Federal Programs to Subsidize State and Local Borrowing for Highways
The federal government also supports investment in highways by state and local governments through several financing programs that subsidize the cost of borrowing to pay for that spending—that is, the federal government incurs costs to lower state and local governments’ borrowing costs. From 2007 to 2016, the federal government subsidized an average of $20 billion (in 2019 dollars) per year of new financing for highways that state and local governments obtained through tax-preferred bonds, direct loan and loan guarantee programs, and funds that were to be used to capitalize state infrastructure banks (SIBs). Tax-exempt bonds accounted for about three-quarters of that borrowing.
Federal policymakers could offer new programs or expand current programs to subsidize borrowing by state and local governments to build more roads. For instance, they could introduce a tax credit bond program. Depending on its design, such a program could subsidize the same amount of borrowing by state and local governments as tax-exempt bonds at a lower cost to the federal government by effectively eliminating some of the benefits of tax-exempt bonds that go to higher-income bondholders. Policymakers could also expand opportunities for state and local governments to use federally subsidized financing by authorizing state and local governments to issue more tax-exempt bonds to fund projects undertaken primarily by private entities or by extending more loans to those governments to finance transportation projects. In addition, policymakers could allow states to collect tolls on Interstate highways, which would offer states an additional revenue stream to borrow against.

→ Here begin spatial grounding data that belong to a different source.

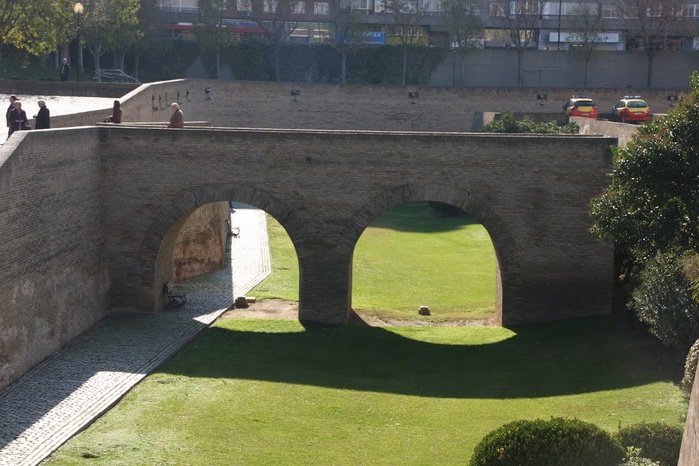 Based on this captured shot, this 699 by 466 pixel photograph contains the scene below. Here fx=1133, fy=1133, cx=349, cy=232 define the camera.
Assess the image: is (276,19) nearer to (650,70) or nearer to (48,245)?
(650,70)

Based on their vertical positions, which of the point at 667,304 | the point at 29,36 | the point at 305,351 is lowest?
the point at 305,351

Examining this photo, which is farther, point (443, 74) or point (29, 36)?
point (443, 74)

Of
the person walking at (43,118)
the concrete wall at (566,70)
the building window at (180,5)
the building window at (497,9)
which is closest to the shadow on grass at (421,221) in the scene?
the concrete wall at (566,70)

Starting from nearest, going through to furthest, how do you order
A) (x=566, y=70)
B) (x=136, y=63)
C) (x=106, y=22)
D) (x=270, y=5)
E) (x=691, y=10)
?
1. (x=106, y=22)
2. (x=136, y=63)
3. (x=270, y=5)
4. (x=566, y=70)
5. (x=691, y=10)

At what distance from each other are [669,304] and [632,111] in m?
25.3

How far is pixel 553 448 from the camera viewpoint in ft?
40.5

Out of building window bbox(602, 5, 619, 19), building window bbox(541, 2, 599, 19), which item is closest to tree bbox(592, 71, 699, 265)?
building window bbox(541, 2, 599, 19)

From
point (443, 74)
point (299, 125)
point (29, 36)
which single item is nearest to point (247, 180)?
point (29, 36)

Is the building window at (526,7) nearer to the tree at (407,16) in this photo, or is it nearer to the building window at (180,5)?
the tree at (407,16)

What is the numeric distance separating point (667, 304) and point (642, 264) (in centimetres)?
314

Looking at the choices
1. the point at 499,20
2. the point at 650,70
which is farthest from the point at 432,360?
the point at 499,20

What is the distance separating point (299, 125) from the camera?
4656 cm

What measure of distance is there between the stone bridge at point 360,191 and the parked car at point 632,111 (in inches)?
815

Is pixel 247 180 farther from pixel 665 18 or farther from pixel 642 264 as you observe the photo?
pixel 665 18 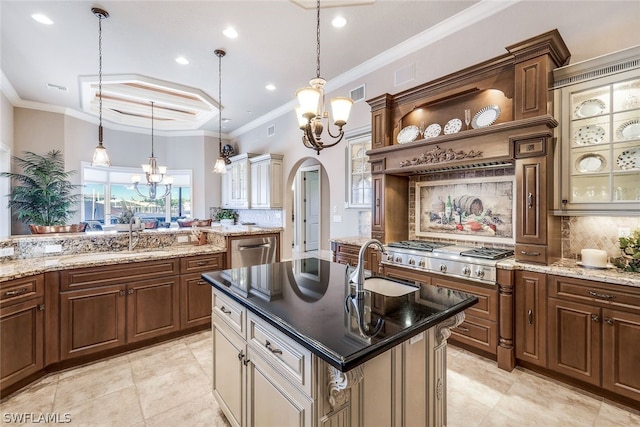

A Note About the Possible Effects of the Coronavirus Pandemic on the Estimates
Several changes arising from the current public health emergency and resulting decline in economic activity will have offsetting effects on the balance of the highway account of the Highway Trust Fund. Revenues from fuel taxes will be lower than CBO projected in March because people have been driving less since the coronavirus pandemic began. If all other factors underlying CBO’s projections remained unchanged, the reduction in revenues would increase the annual shortfall in the trust fund’s highway account. But spending from the Highway Trust Fund may also decrease, because states, whose fiscal outlooks have worsened as a result of the decline in economic activity, may have to suspend highway projects for an extended period. Reductions in spending from the trust fund would, all else equal, decrease the annual shortfall. CBO has not yet assessed those changes to determine their net effect on the size of the shortfall in the Highway Trust Fund or to update the agency’s projections of when the fund’s balances will be insufficient to cover its outlays without delays.
In addition, if federal lawmakers respond to the economic downturn by providing funds for infrastructure projects outside the Highway Trust Fund, as they did in the American Recovery and Reinvestment Act of 2009, spending from the trust fund may decrease as it did in 2010.